Her death triggered mass protests in Iran.
It also generated a global movement known as “Woman, Life, Freedom”, calling for the end of Iran’s imposition of a headscarf on all women and an end to the Muslim cleric-led government in Tehran.
Iranian security forces have cracked down on the protests domestically, killing hundreds, and have executed dozens for allegedly participating in what officials have called “riots”.
This week, they jailed Amini’s lawyer, Saleh Nikbakht, for one year for “propaganda” after he spoke to media about her case.
Many Iranian women continue to defy the government’s clothing edict by taking off their headscarves in public.

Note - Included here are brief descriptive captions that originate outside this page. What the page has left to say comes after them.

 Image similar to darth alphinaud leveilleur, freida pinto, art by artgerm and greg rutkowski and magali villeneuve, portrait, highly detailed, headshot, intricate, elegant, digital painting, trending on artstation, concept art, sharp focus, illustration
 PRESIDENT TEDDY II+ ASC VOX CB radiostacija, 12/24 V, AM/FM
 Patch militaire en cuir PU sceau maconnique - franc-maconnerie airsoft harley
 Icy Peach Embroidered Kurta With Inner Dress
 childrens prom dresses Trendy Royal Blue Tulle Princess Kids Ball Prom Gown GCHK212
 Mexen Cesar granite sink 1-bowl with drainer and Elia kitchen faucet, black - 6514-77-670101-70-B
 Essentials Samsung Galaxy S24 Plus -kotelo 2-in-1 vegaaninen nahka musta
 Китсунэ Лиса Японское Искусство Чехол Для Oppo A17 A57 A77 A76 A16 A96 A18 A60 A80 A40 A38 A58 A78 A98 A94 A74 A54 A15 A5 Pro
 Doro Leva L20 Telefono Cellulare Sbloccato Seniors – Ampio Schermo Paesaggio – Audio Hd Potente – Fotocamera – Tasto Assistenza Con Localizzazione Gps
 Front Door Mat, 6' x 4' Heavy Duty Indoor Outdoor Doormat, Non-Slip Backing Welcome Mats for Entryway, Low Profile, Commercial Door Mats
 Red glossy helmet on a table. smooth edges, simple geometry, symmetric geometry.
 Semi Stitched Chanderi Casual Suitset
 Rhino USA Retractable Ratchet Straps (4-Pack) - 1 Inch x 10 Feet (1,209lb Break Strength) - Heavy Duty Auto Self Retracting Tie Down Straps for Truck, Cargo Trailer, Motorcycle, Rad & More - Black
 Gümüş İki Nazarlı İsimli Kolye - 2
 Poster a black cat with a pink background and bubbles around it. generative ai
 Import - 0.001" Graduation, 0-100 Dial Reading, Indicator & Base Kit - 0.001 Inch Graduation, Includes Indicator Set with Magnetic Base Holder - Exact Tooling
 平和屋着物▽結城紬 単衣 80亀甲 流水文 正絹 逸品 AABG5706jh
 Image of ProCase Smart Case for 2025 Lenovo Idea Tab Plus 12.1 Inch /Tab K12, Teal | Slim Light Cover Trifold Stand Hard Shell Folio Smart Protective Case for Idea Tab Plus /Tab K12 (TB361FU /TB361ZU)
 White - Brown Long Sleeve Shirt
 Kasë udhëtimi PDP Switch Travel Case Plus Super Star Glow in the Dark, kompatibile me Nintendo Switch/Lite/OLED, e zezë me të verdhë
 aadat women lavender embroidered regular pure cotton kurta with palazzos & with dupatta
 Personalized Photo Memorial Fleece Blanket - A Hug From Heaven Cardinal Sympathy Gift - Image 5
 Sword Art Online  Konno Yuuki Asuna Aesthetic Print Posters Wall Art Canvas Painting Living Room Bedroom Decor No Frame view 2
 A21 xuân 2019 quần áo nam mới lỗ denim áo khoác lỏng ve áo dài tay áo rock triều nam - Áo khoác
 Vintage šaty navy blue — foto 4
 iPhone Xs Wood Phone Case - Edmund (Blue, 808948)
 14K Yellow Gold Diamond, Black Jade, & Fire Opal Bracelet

– Defying Iran’s clerics –
The “Woman, Life, Freedom” campaign continues in cities around the world, with frequent demonstrations in which Amini’s photo is held aloft.
Mohammadi’s Nobel Peace Prize was in recognition of her fight against the mandatory headscarf in Iran and against the oppression of women in the country.
Together, the two prizes focus attention on Iranian authorities’ punishment of women who defy the headscarf order, seen by both sides as defiance of the Islamic republic’s system of governance itself.
Amini and the “Woman, Freedom, Life” movement were backed by the European Parliament’s three main political groups, making them the frontrunner well before the Sakharov Prize winner was announced.
The two other nominations on the shortlist, backed by smaller groups, were Nicaraguan rights defenders, Vilma Nunez de Escorcia and Bishop Rolando Jose Alvarez Lagos; and three women campaigning for abortion rights, Justyna Wydrzynska from Poland, Morena Herrera from Salvador and Colleen McNicholas from the United States.
Billionaire Elon Musk had been put forward in an initial round by a far-right grouping in the parliament but failed to make the cut for the shortlist.
The Sakharov Prize, which comes with a 50,000-euro ($53,000) endowment, will be handed over in a European Parliament ceremony on December 13.